If you are both working then why is he not paying some of the mortgage or contributing in any way to the expenses of the children ? Don't be in a rush to get him off the mortgage he is just as responible for paying it. The trouble is that without a solicitor you are not able to fight in the way you should, but if you just managed to scrape together enough then he would have to pay you maintenance, you might not have to sell the house and you should also find that you would be awarded more than 50% of the equity of the house. I do not know the full details but it really sounds as if you are selling yourself really short. What about his pension, what about his assets, all of which are marital property and to which you are entitled to have a share. After all it is you who have the children to care for. You are the one in the much stronger position and you might be able to get some advice from the CAB. You say you are going through a divorce which is separate but why is it separate to the problem, surely your divorce settlement is the major thing which will secure the future for your children.
Exactly what everyone says, why is he not paying towards the mortgage, well becuse he thinks he can just walk away from giving me any money atall, i have asked him numerous times for help and that its his name too on mortgage and he just wont pay me a penny. i wouldnt mind but he is now living with someone in rented accommodation. He still sees our children one day a week, as i wont use the fact he gives me nothing to stop him seeing them. I do have a solicitor but she can only act for me now regarding the mortgage as i cannot afford to take him to court regarding getting him off the mortgage so i can re-mortgage. This is all why i feel its a catch 22 situation and no one will help me.

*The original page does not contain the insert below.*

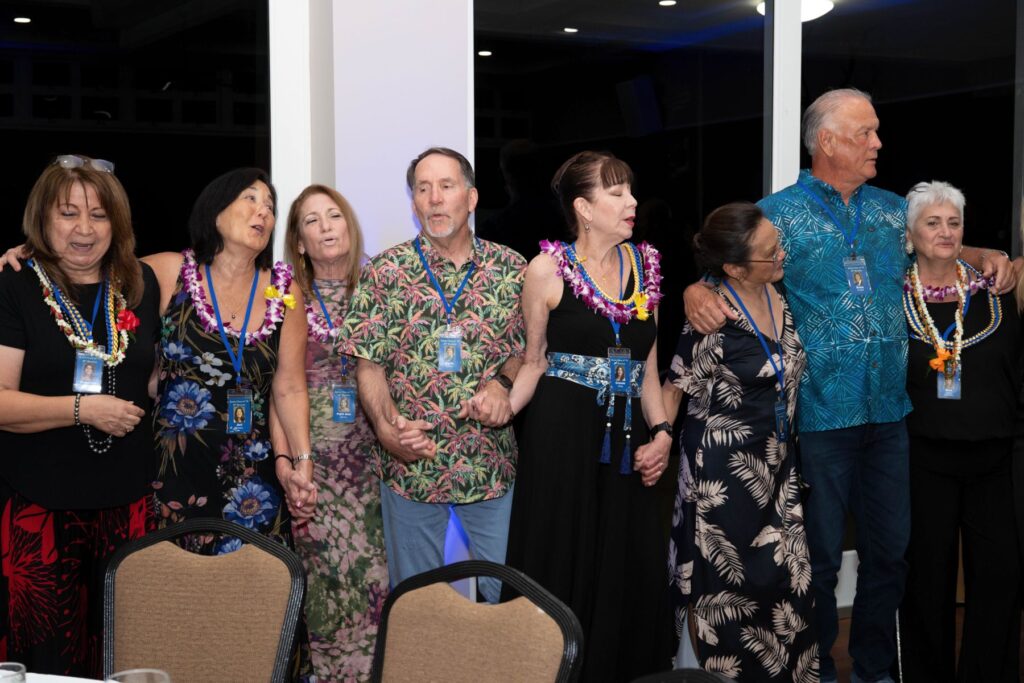 Debs Jeri Patti Chris Crissie Gail Kriss Diva singing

ive been to CAB they didnt know what to do, apart from taking him to court myself, which yeah i wil be willing to do, but i just dont know where to start!
my solicitor said she cannot help with financial side of things unless i am able to pay which i cannot now so what can i do????
ive been to CAB they didnt know what to do, apart from taking him to court myself, which yeah i wil be willing to do, but i just dont know where to start!
my solicitor said she cannot help with financial side of things unless i am able to pay which i cannot now so what can i do????
Well I have a friend who was in a similar position and she put all the legal fees on a credit card knowing she would get a payout at the end. It was not easy but its possible. If you got a solicitor he would have to pay you some maintenance before the divorce, and then you could do it all properly, separation agreement and then settlement. Could you not borrow the money - or if I were you I would stop working and get legal aid, because the money you are earning and the tax credits, is going to be a lot less than what you are losing by not going down this road. It will be hard for a while but is it worth losing your home ???